What you return should match every record exactly, with the images removed.

▶ **Records for this exercise**
Start of Block

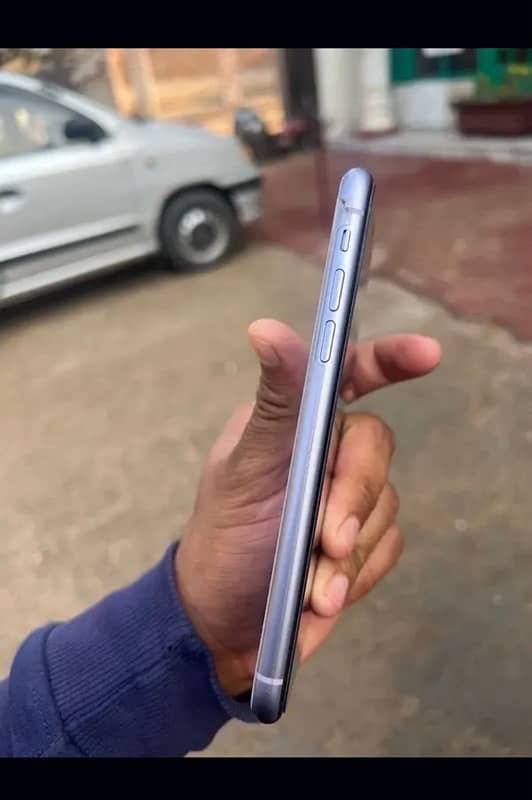 iPhone 11 non pta jv 3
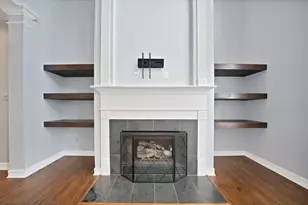 1015 W Bluff St, Fort Worth, TX 76102 - Photo 9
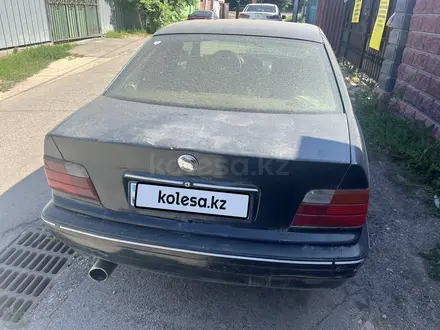 BMW 323 1992 года за 850 000 тг. в Алматы – фото 3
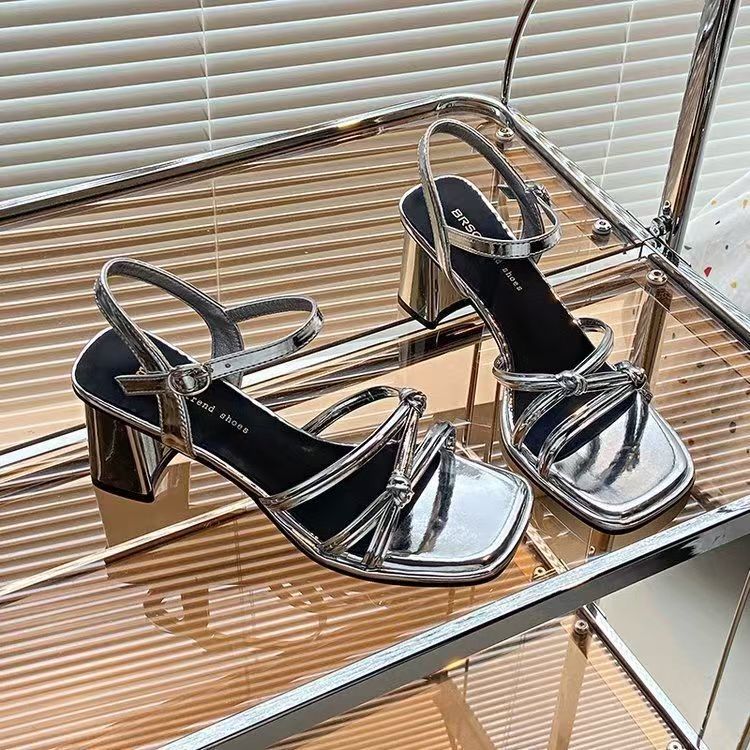 Sandálias de salto grosso, estilo francês da moda, sapatos femininos de verão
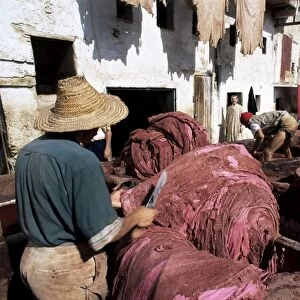 Dyeing vats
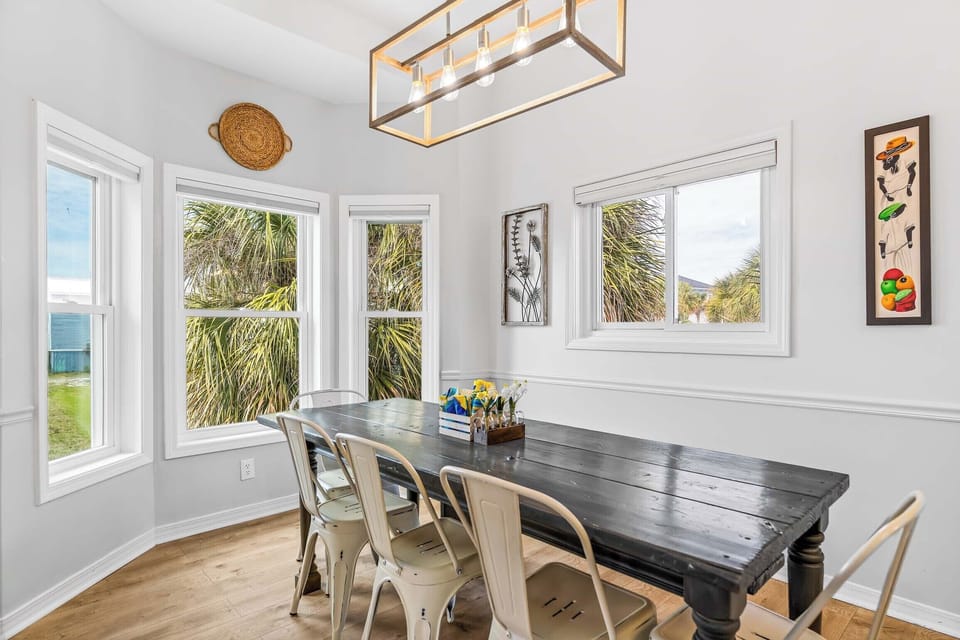 Breakfast nook off of the kitchen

End of Block

▶ **Reply**
 iPhone 11 non pta jv 3
 1015 W Bluff St, Fort Worth, TX 76102 - Photo 9
 BMW 323 1992 года за 850 000 тг. в Алматы – фото 3
 Sandálias de salto grosso, estilo francês da moda, sapatos femininos de verão
 Dyeing vats
 Breakfast nook off of the kitchen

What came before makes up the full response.